I try to maintain a measure of balance in the links featured in the What You Need To Know. As a rule there should be a cross-section of issues and demographics represented each day it runs, and achieving that cross-section isn't always easy.
I've mentioned before that on any given day, marriage stories tend to dominate the news cycle, but there's actually another LGBT-related theme that could take over this segment if I'm not careful: right-wing religious extremist douchebaggery aimed at the queer/LGBT community.
Of course, there are already a number of exceptional blogs and organizations that track these sorts of stories, including the fabulous blogs Good As You, and Box Turtle Bulletin, as well as Right Wing Watch and several others.
It's a good thing they do, because I sure don't have the stomach for it.

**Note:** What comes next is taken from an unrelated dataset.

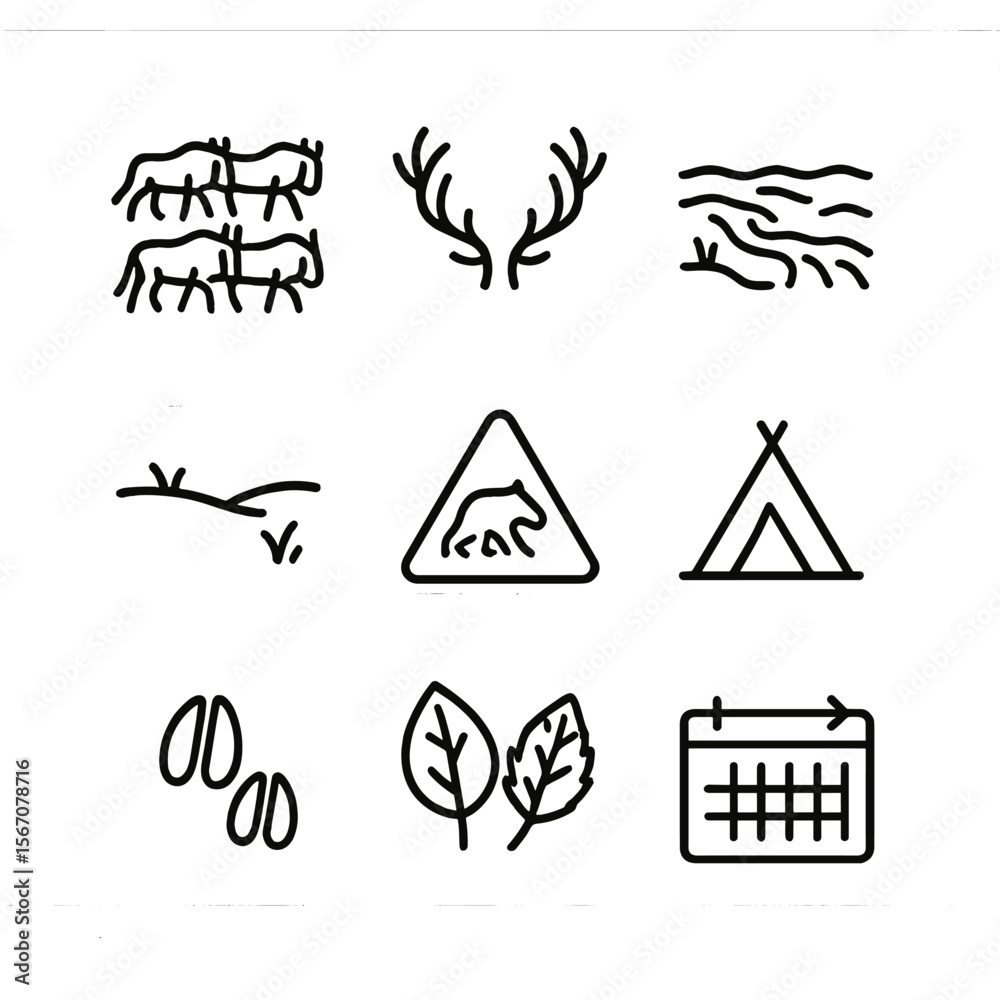 Fototapeta premium Animal Migration Icons. Outline icon set of terrestrial animal seasonal movement: wildebeest herd, caribou antler silhouette,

I'm not generally a hateful person, which is why I resent these (often hypocritical) extremists so deeply. They inspire me to truly hate them, and I don't like feeling that way. I know I should rise above it, turn the other cheek if you will, but for some reason I just can't seem to detach the way I need to in order to achieve that. Not only do they cause so much harm to people in the communities I consider myself a part of, particularly among young people, but they also have a damaging collateral effect on how many of us perceive them and their co-religionists.
When I as a queer, non-Christian, hear outspoken Christian leaders (even fringe ones) use the biblical practice of stoning "homosexuals" as an argument against equality during an address to a state legislature, or declare that hatred of people who disagree with the teachings of their faith is a virtue, it shapes my perception of all people who identify as the same faith.
Unconsciously, I find myself feeling both automatic dislike, and less safe in my interactions with them, even before I know their person views or those of their subset of Christianity on LGBT people or people of other faiths.
Which is why I'm glad that there are folks who do have the stomach for carefully monitoring and reporting on the words and actions of these bigot-activists. Because I worry that doing so on a daily basis would change me in negative ways.
And yes, I know that there are good people of Christian faith in the world, but I wonder why I rarely hear their voices united in protest to this sort of rhetoric. After all, everywhere on Earth where bad things have ended up happening to minority populations, there were good people who stayed silent.